Рогачев поспешил навстречу начальнику, обдумывая на ходу слова рапорта.

А приятного он мог сказать мало. Дивизия четвертые сутки боролась с заносами, убирая снег со взлетных полос и рулежных дорожек. Хотя его полки не вели боевых действий, потери в личном составе все же имелись. Утром погибли два солдата, подорвавшиеся на минах-«сюрпризах», оставленных отступающими гитлеровцами, и накануне три человека угодили в госпиталь в безнадежном состоянии, отравившись трофейными продуктами.

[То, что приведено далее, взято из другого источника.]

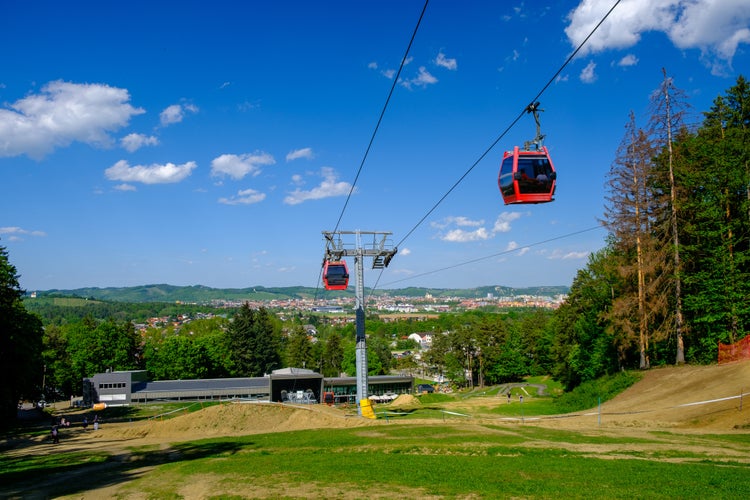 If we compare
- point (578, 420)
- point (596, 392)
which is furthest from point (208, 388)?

Зайдя на КП, в который был превращен столовый зал замка, генерал отряхнул снег с папахи и подал руку офицерам.

— Ну и погодка, — пожаловался он Рогачеву, — хороший хозяин собаку на улицу не выгонит, а нам ездить по частям приходится… А тут еще фашисты недобитые! В лесу, километрах в пяти от замка, напоролись на засаду. Срочно вызывайте врача, у меня одного хлопца зацепило.

Подойдя к столу-планшету, на котором лежала карта района боевых действий дивизии, Рогачев доложил обстановку.

— Завтра синоптики обещают улучшение погоды, — сказал генерал, — будем работать.

— Уже пора бы, — согласился Рогачев.

Генерал указал карандашом район на карте, где чернели ромбики, соединенные прямой линией:

— Ближайшая задача вашей дивизии — прикрытие танковой группы от ударов авиации противника при выдвижении ее на рубеж ввода в бой.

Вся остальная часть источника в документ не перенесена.